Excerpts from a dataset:
----------------------------------------
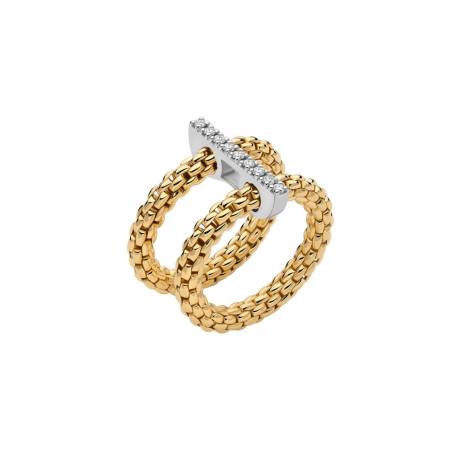74008AX_BB_G_XBX_00M,  Flex’it-Ring mit doppeltem Mesh u. dekorativer Brücke mit Diamantpavé, Gr. M, 0,15 ct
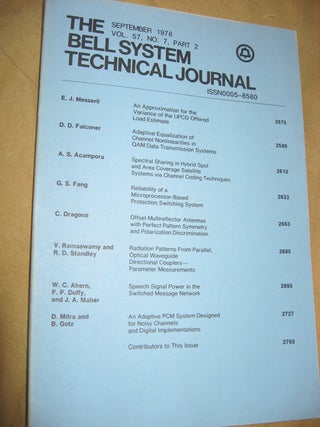 Item #B762 The Bell System Technical Journal September 1978 vol 57 no 7 pt 2, individual issue....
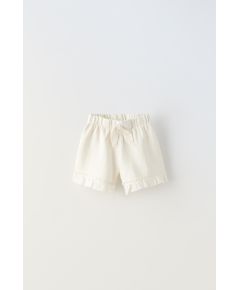 Zara Мягкие бермуды с ленточками и оборками , Цвет: Белый, Размер: 1½ лет (86 см)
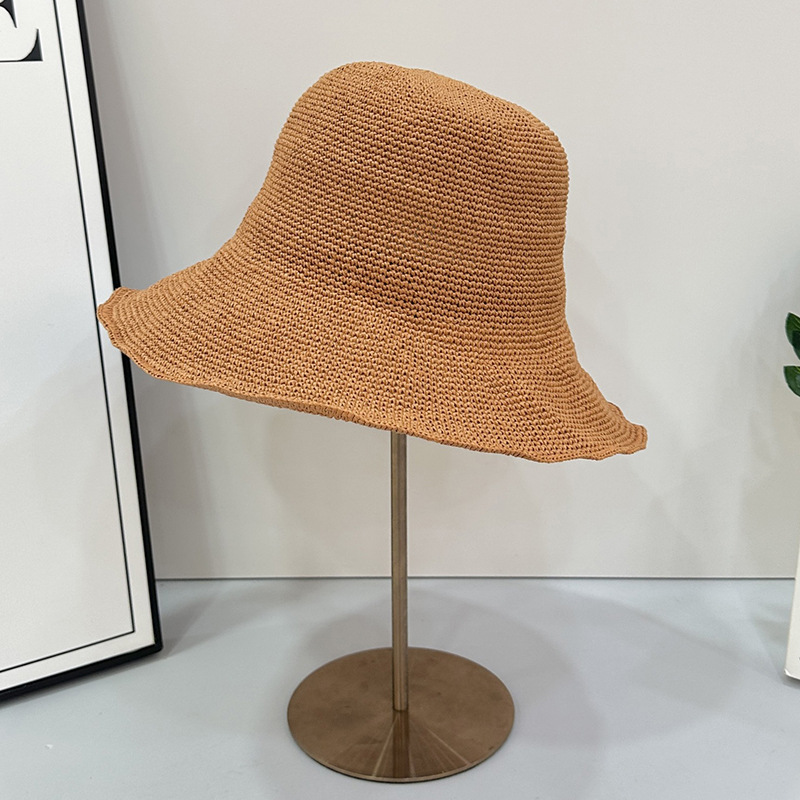Picture of Soft and Comfortable Summer Breathable Big Brim Straw Hat Women's Sunshade Sunscreen Hand-woven Fashion Showing Face Small Fisherman Hat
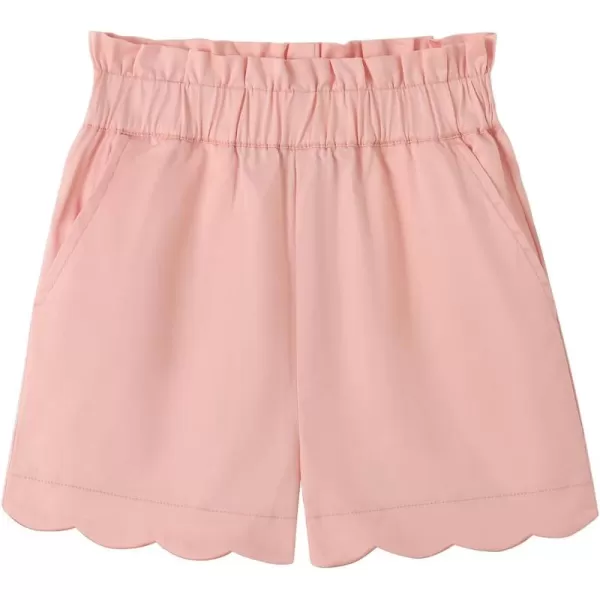 Noomelfish Girls Scalloped Stretch Twill Pull On Shorts with Pockets 512 YearsLight Pink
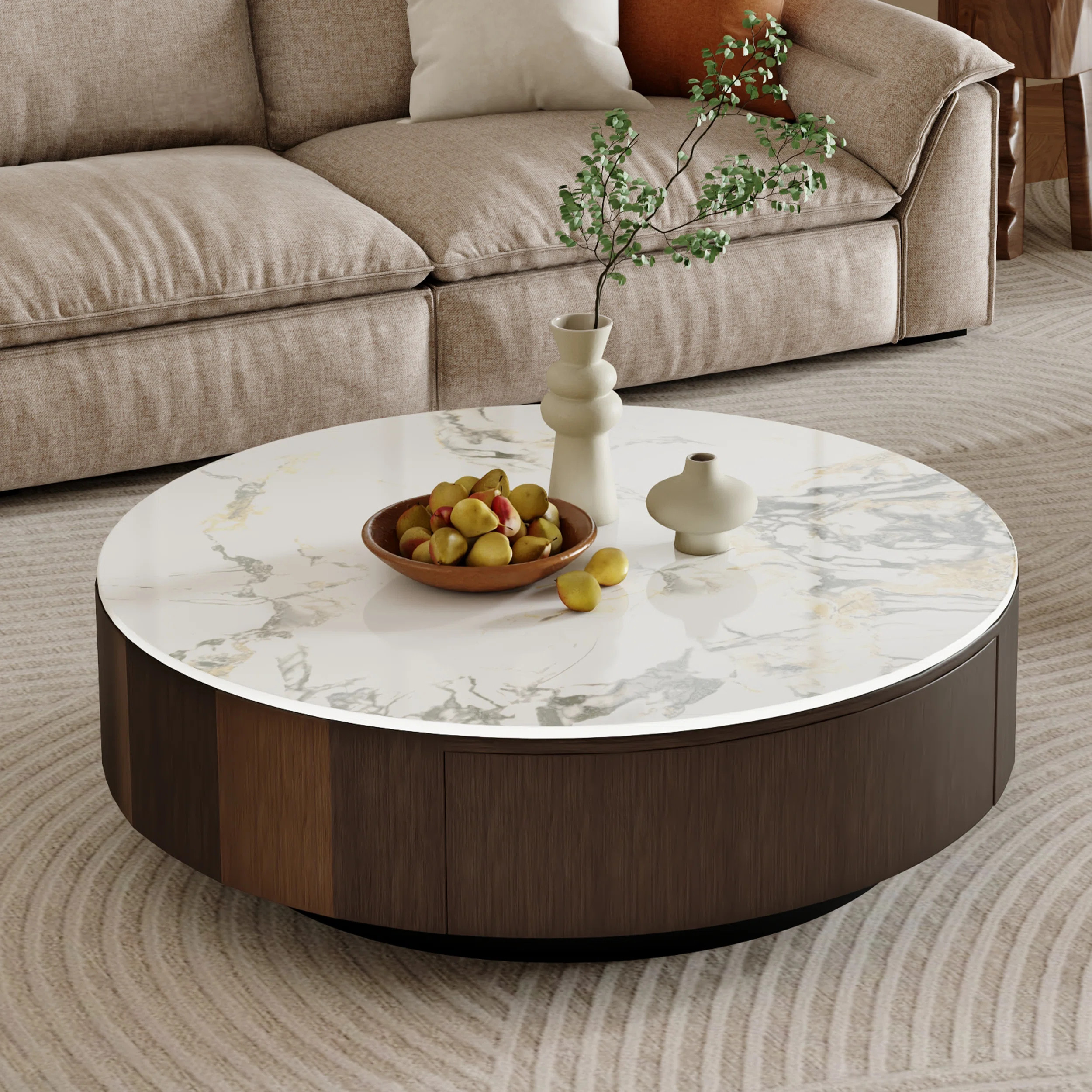 35.5" Modern Round Coffee Table, Glossy White Sintered Stone Table top, Brown Solid Wood Coffee T... | Wayfair North America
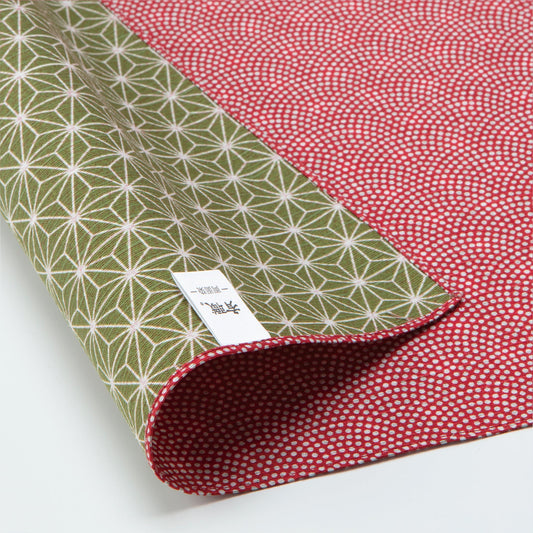 Double Sided Furoshiki Wrapping Cloth | Asanoha Nami Red & Green by Sanyo Shoji - Bento&co Japanese Bento Lunch Boxes and Kitchenware Specialists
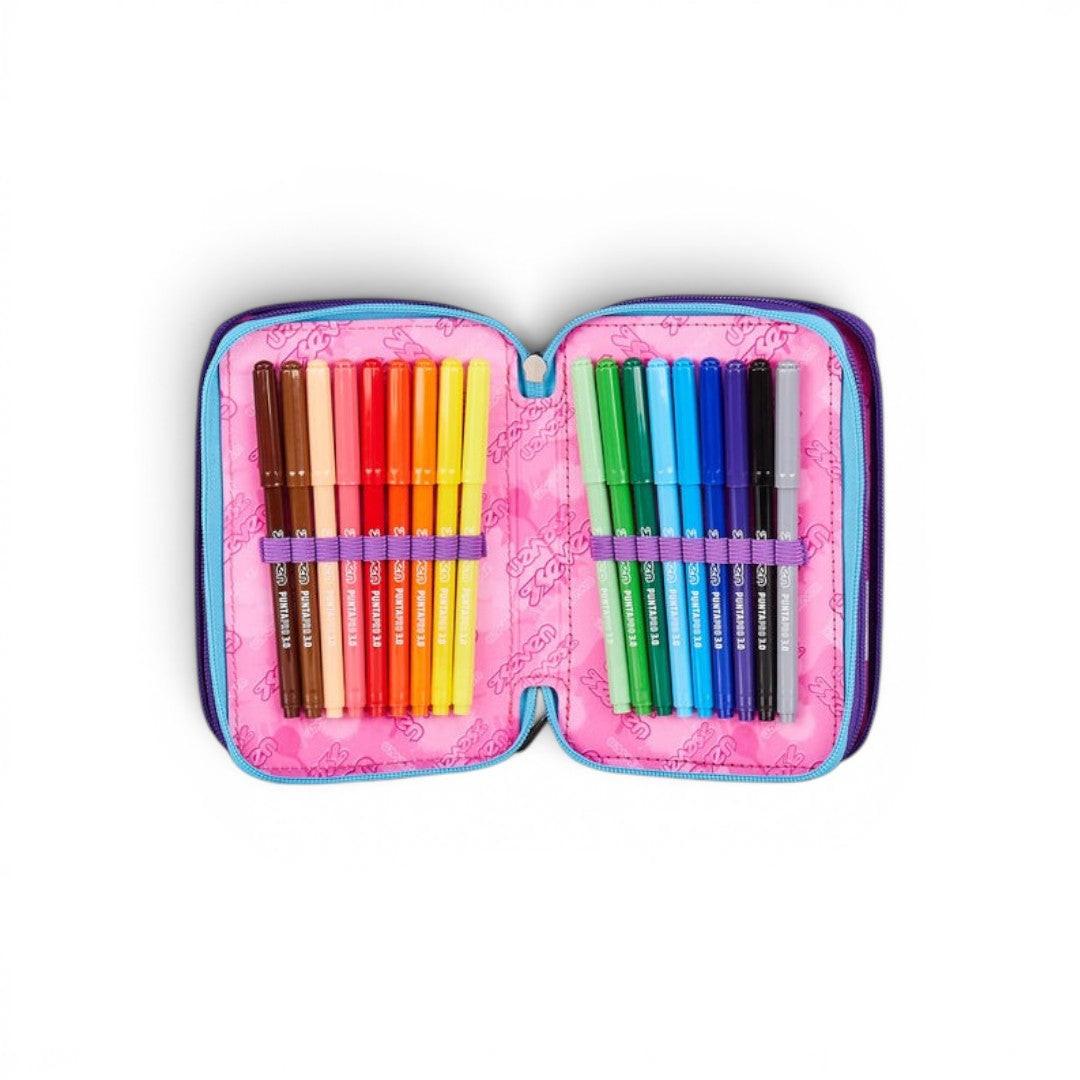 Astuccio Seven 3 Zip Pink Fusion completo scuola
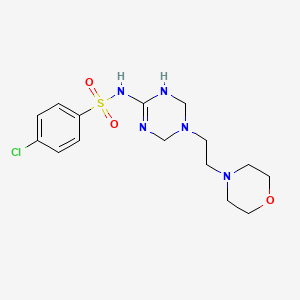 molecular formula C15H22ClN5O3S B5199798 4-chloro-N-{5-[2-(4-morpholinyl)ethyl]-1,4,5,6-tetrahydro-1,3,5-triazin-2-yl}benzenesulfonamide 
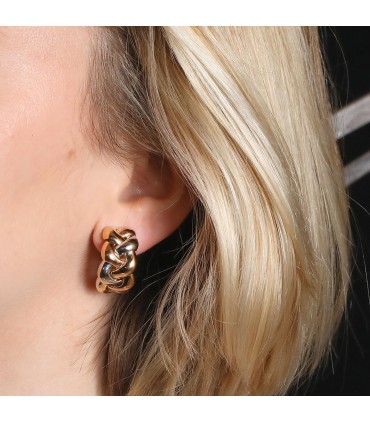 Three tones gold earrings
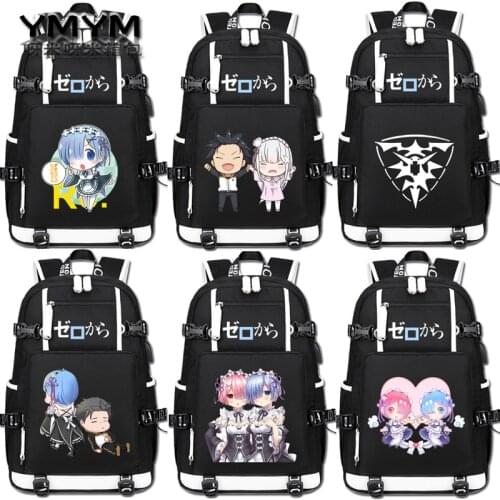 Re:Life In A Different World From Zero Cosplay Fashion Backpack USB Charging Port School Student Bag Travel Laptop Rucksack Gift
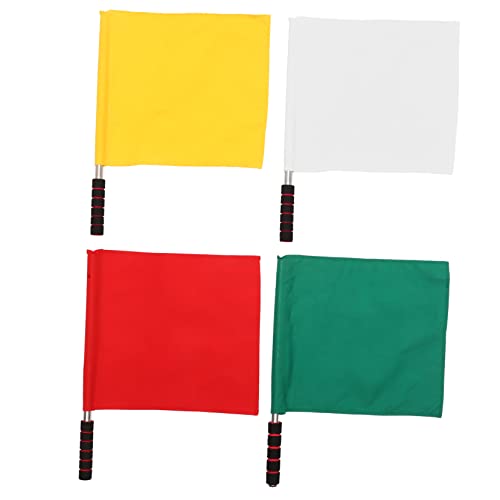 OHPHCALL 4pcs Referee Hand Flag Small Flag Markers for Soccer Field Football Praise Dance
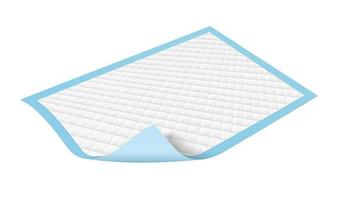 Almohadillas para incontinencia utilizadas para proteger las heces y la suciedad de los adultos. en la cama del paciente almohadillas protectoras desechables aisladas sobre fondo blanco. archivo eps realista. vector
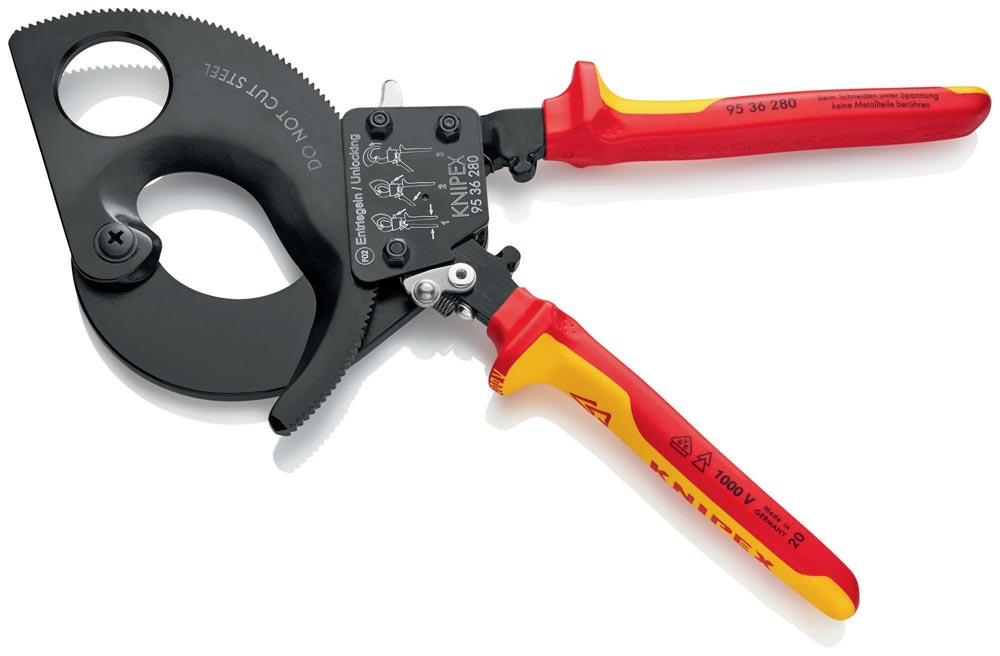 Kabelschneider Gesamtlänge 280 mm max. 52 (380 mm) mm Mehrkomponenten-Hüllen VDE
----------------------------------------
Would you give again, exactly, the lines in the data above that run from the line containing "Noomelfish Girls Scalloped" to the line containing "molecular formula C15H22ClN5O3S"? Include both ends and no pictures.

REPLY
 Noomelfish Girls Scalloped Stretch Twill Pull On Shorts with Pockets 512 YearsLight Pink
 35.5" Modern Round Coffee Table, Glossy White Sintered Stone Table top, Brown Solid Wood Coffee T... | Wayfair North America
 Double Sided Furoshiki Wrapping Cloth | Asanoha Nami Red & Green by Sanyo Shoji - Bento&co Japanese Bento Lunch Boxes and Kitchenware Specialists
 Astuccio Seven 3 Zip Pink Fusion completo scuola
 molecular formula C15H22ClN5O3S B5199798 4-chloro-N-{5-[2-(4-morpholinyl)ethyl]-1,4,5,6-tetrahydro-1,3,5-triazin-2-yl}benzenesulfonamide 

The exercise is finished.